Problem statement >> Leave out the pictures, and copy exactly the lines from the line with "Wharfedale Super Linton" through the last line of the data below.

The data >>
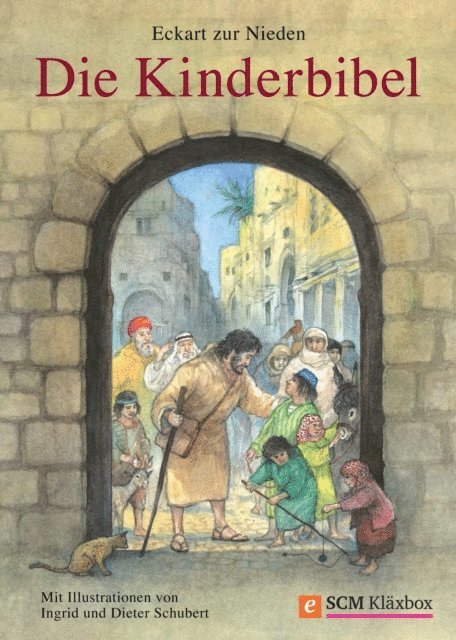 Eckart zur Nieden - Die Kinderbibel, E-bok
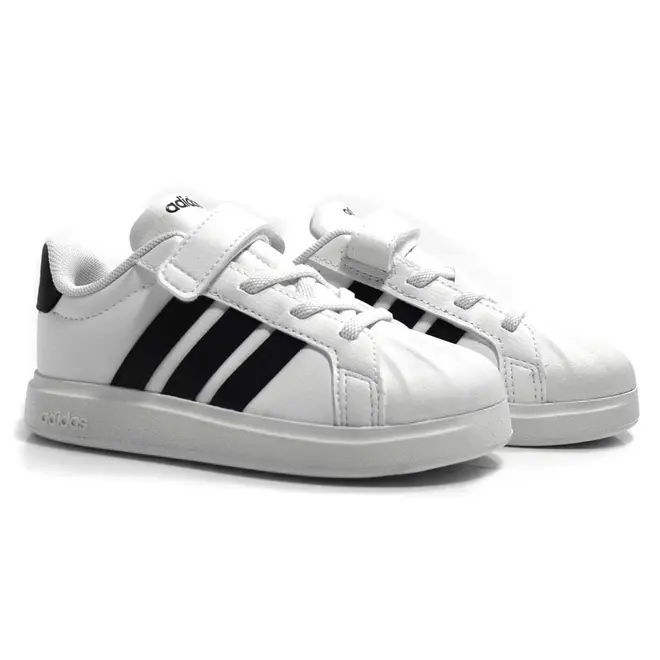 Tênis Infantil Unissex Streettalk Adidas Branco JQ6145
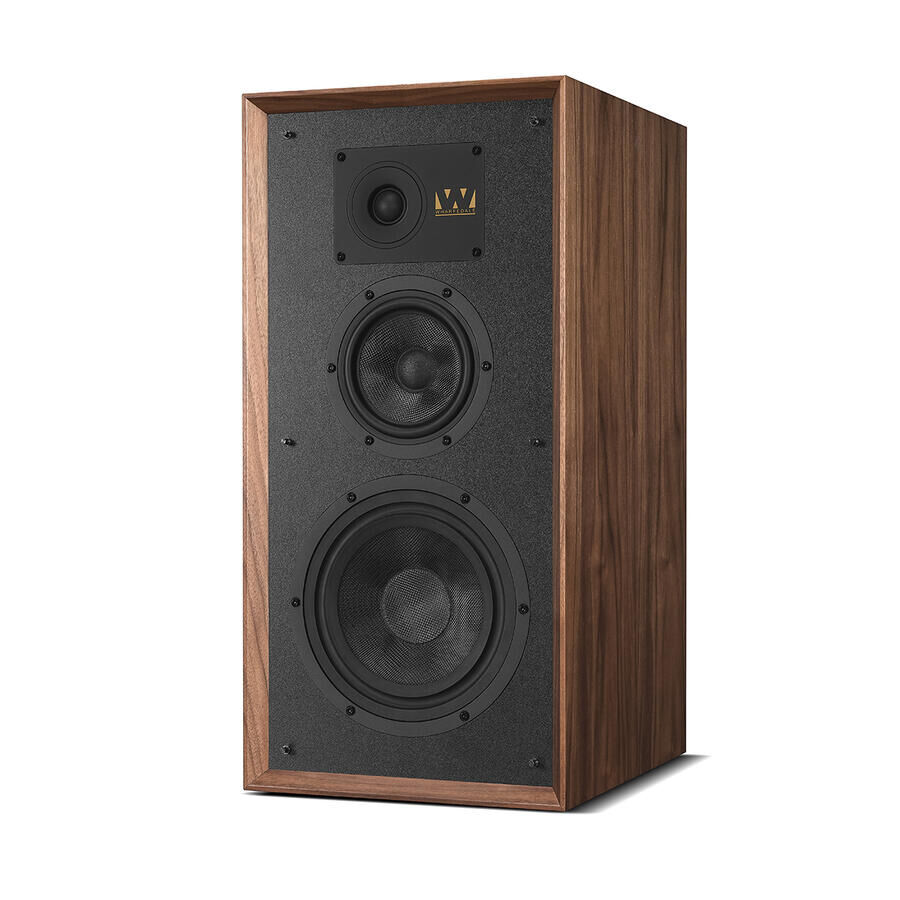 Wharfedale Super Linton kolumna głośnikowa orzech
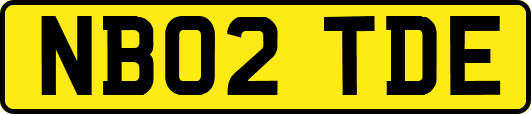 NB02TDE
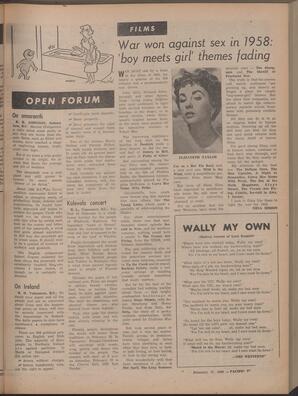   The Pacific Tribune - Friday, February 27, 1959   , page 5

Reply >>
 Wharfedale Super Linton kolumna głośnikowa orzech
 NB02TDE
   The Pacific Tribune - Friday, February 27, 1959   , page 5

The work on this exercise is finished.